Il processo di ritiro
Marco Cavaleri, responsabile per i Rischi sanitari e le Strategie vaccinali presso l’Agenzia europea del farmaco (Ema), ha confermato che il processo di ritiro è già stato avviato con la Commissione europea. L'azienda anglo-svedese ha informato l’Adnkronos Salute che non prevede una futura richiesta per questo prodotto.
Il primo vaccino approvato
Vaxzevria era stato il primo vaccino messo a punto, con la collaborazione dei ricercatori di Oxford, per prevenire o mitigare il Covid 19, che ha causato oltre 7 milioni di morti a fine 2023. Il vaccino, un composto a vettore virale, in rarissimi casi aveva provocato trombosi mortali, soprattutto in giovani donne.
La scoperta della causa
Nella primavera del 2021, gli scienziati dell’Università di Greifswald avevano identificato la causa dei decessi nell’inedita Trombocitopenia trombotica immunitaria indotta da vaccino (VITT).
Il ritiro del vaccino in Ue
A distanza di anni, continua a far discutere il vaccino contro il Covid-19 di AstraZeneca.

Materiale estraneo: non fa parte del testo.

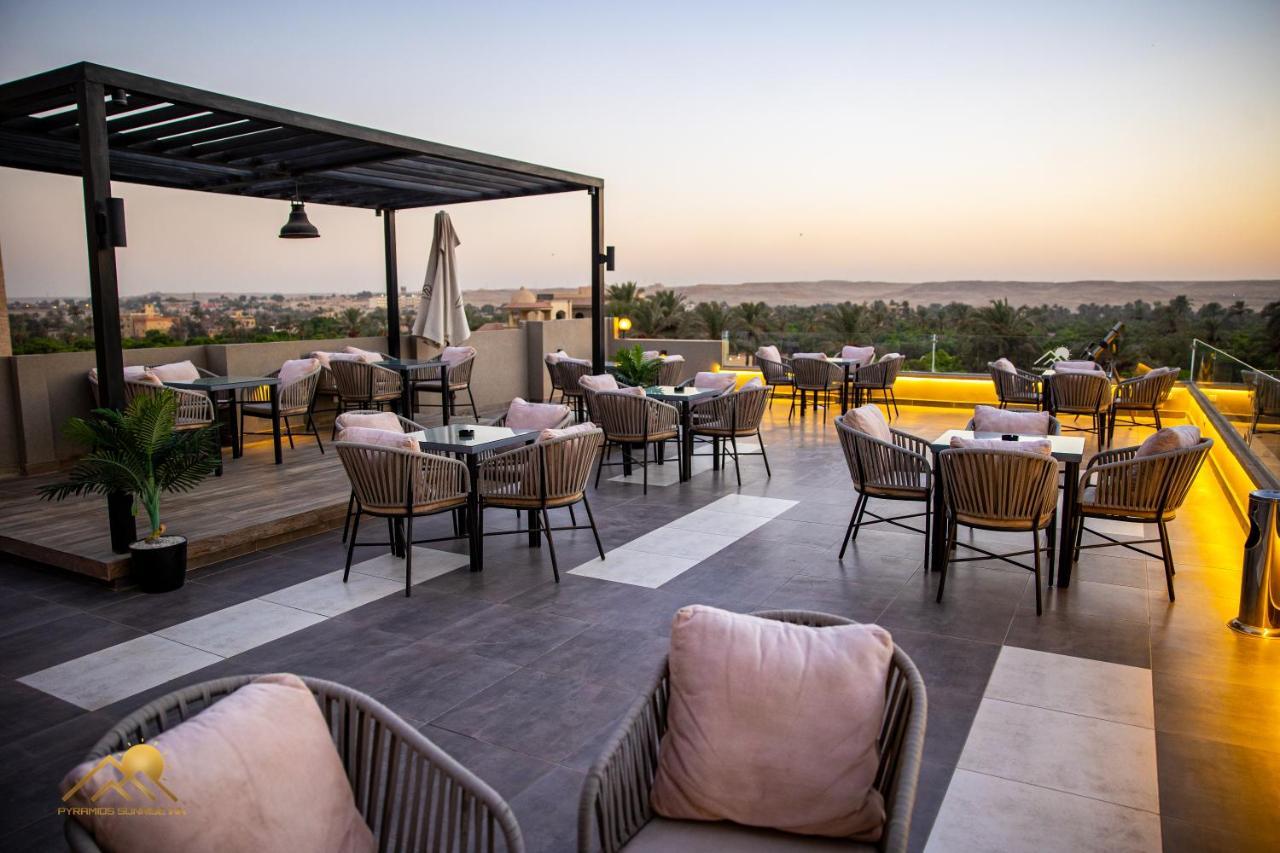 Golden Palm Sunrise Inn Kafret el-Gabal Dış mekan fotoğraf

Nei giorni scorsi, il colosso farmaceutico aveva annunciato che il suo lavoro potrebbe (anche se in casi definiti molto rari) provocare la trombosi. Adesso, dopo qualche giorno, arriva un nuovo importante annuncio da parte di AstraZeneca: l'azienda ha deciso di ritirare all'interno dell'area Ue il suo vaccino contro il Covid-19.